The company’s successful foray in co-branding continues in Mississauga, Ont., with the development of three concepts under one roof. “Five years ago, we were mostly in malls, food courts, and now with a few acquisitions [and time], we’re developing more and more on the street,” notes Claude St-Pierre, MTY’s chief financial officer. “It’s opening a lot of doors for growth.”

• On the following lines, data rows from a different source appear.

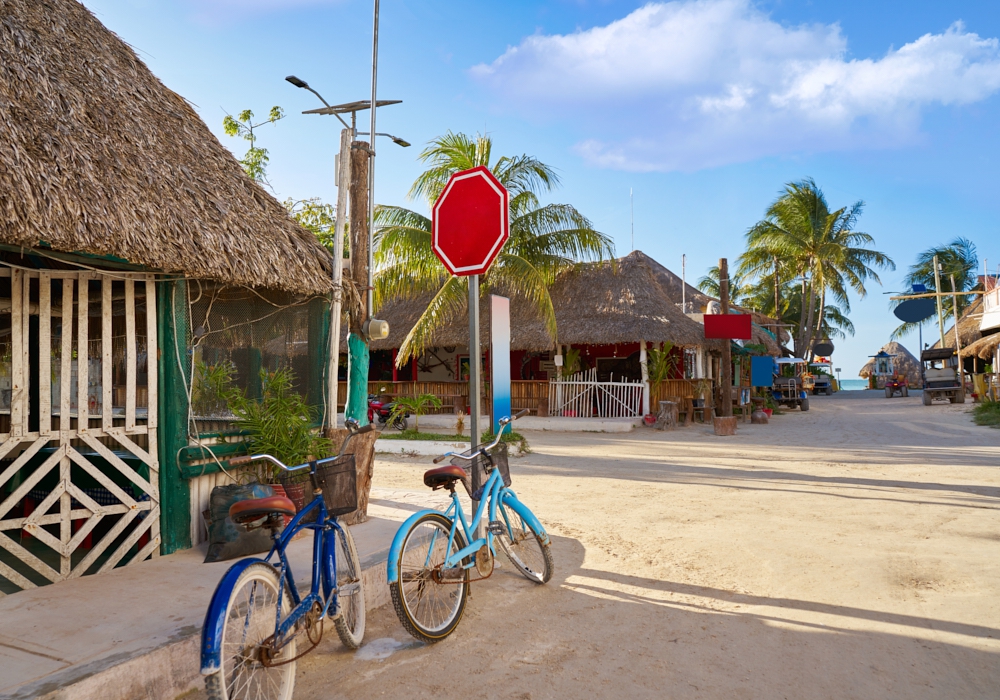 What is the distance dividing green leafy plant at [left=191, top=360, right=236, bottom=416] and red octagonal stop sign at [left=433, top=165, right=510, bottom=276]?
2.09m

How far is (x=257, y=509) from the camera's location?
114 inches

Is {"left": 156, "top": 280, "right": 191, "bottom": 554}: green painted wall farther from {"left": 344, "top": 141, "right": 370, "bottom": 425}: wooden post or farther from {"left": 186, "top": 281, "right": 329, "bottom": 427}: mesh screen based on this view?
{"left": 344, "top": 141, "right": 370, "bottom": 425}: wooden post

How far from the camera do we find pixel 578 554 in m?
5.67

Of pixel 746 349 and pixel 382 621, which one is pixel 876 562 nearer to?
pixel 382 621

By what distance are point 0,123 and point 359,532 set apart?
3.57 metres

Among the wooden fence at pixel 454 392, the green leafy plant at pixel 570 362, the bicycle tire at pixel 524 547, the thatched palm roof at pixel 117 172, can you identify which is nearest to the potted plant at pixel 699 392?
the green leafy plant at pixel 570 362

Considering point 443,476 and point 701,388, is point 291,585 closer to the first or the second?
point 443,476

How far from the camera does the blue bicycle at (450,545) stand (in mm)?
3656

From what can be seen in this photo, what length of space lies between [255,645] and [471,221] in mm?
2757

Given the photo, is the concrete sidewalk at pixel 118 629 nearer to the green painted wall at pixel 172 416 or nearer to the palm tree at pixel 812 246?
the green painted wall at pixel 172 416

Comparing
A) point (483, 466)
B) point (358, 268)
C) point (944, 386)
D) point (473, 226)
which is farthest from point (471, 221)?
point (944, 386)

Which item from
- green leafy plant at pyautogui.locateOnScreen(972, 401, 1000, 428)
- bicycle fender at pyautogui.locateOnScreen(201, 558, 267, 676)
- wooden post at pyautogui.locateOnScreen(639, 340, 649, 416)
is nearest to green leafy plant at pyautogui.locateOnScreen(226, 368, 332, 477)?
bicycle fender at pyautogui.locateOnScreen(201, 558, 267, 676)

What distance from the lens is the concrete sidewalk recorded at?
287 centimetres

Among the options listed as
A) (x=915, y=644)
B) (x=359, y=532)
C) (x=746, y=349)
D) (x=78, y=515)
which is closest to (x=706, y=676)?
(x=915, y=644) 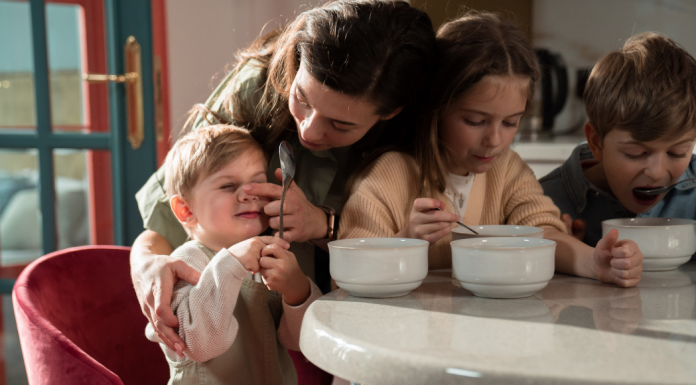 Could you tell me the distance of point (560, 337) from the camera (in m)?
0.54

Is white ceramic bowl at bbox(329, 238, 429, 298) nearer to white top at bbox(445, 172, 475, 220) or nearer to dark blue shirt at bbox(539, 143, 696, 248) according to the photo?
white top at bbox(445, 172, 475, 220)

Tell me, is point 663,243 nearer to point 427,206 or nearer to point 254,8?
point 427,206

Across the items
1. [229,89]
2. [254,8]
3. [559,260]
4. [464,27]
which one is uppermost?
[254,8]

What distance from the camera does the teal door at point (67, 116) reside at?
1.91m

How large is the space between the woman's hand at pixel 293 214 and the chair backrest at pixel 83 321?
0.31 m

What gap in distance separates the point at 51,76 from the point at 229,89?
109 centimetres

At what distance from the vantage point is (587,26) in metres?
2.63

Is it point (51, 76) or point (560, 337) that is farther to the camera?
point (51, 76)

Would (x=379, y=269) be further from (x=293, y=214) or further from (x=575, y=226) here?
(x=575, y=226)

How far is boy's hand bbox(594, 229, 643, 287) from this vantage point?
733mm

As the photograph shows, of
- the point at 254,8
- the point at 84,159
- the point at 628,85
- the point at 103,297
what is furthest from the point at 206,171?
the point at 254,8

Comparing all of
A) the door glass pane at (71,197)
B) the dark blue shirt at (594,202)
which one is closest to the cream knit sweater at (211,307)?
the dark blue shirt at (594,202)

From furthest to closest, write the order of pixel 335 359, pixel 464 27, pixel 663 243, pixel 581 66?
pixel 581 66 → pixel 464 27 → pixel 663 243 → pixel 335 359

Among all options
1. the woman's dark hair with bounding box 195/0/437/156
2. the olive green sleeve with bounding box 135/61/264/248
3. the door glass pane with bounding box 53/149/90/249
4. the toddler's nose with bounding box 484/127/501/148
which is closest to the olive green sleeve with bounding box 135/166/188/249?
the olive green sleeve with bounding box 135/61/264/248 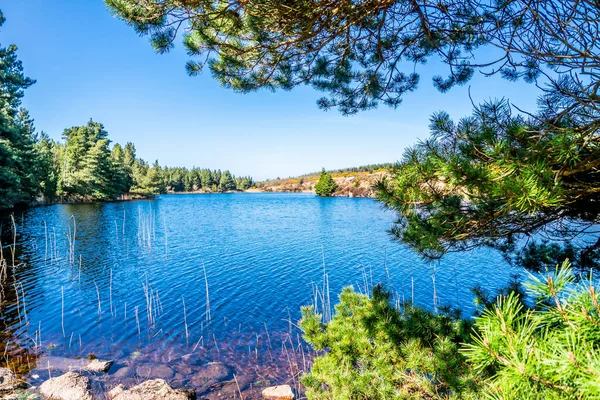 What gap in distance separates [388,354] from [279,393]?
10.6ft

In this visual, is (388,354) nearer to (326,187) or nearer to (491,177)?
(491,177)

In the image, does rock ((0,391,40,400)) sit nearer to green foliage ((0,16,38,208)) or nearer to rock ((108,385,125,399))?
rock ((108,385,125,399))

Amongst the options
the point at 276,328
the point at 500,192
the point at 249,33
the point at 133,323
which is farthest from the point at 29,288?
the point at 500,192

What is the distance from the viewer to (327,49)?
170 inches

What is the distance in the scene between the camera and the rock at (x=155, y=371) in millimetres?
6023

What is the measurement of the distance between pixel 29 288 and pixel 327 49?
1238cm

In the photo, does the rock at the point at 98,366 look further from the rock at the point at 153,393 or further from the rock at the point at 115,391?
the rock at the point at 153,393

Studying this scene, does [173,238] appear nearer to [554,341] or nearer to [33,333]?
[33,333]

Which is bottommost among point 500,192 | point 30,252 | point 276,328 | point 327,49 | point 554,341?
point 276,328

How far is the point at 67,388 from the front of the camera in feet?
16.5

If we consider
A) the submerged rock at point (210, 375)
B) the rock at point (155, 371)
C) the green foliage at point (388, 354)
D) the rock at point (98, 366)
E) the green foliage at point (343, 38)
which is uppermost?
the green foliage at point (343, 38)

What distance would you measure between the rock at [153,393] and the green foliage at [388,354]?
Result: 2.78 m

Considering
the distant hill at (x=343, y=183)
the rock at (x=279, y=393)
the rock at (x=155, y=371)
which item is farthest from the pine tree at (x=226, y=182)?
the rock at (x=279, y=393)

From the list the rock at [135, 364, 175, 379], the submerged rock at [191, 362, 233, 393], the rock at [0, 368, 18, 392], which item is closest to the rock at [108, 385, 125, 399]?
the rock at [135, 364, 175, 379]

And, the growth and leveraging possibilities cross oceans. The opportunities rolled in years ago, and now MTY has a master franchisee in the Middle East where its Vanelli concept has exploded, with locations in Jordan, Bahrain, UAE and Qatar, to name a few. More recently, the company was welcomed to Morocco and invited to add a handful of its concepts to a food court in a new mall there. “They took Tandori, Thai Express, Tiki-Ming, Vanellis and Villa Madina,” rhymes off Sharma. “And, they opened up Sushi Shop. We opened up these six. So, we have a ready-set package for any food court; [in fact] we could fill an entire food court.”
That’s the beauty of having a diverse portfolio. As an added bonus, MTY offers brand executives “carte blanche” to innovate and create within their concept — to be entrepreneurs, like their president. “We strive to make all our concepts stand out from the competition, not only by focusing on menus that are authentic to the food type for each concept, but also by continuing to innovate with menu development and store design,” says the company head.
Of course, selling a trendy product is no mistake, either. “Ethnic foods are in, and if you look at all the predictions, the customer research, the forecasts, they’re going to continue to become more and more popular — not necessarily with ethnic people but with us mainstay Canadians who have been here forever,” offers Country Style’s Martens. “We love it.”
So does Ma. He even pays company success forward, supporting charitable causes like the Make-A-Wish foundation and the recent CIBC Run for the Cure. And, although the leader’s keeping quiet on specific plans, company growth isn’t likely to slow anytime soon. “We will continue to bring MTY higher, with regard to system sales, unit counts, same store sales, market shares, value and solid results to our shareholders, for years to come,” he predicts. In the meantime, back in Toronto, he’s off to the next business of the day — a 4 p.m. meeting.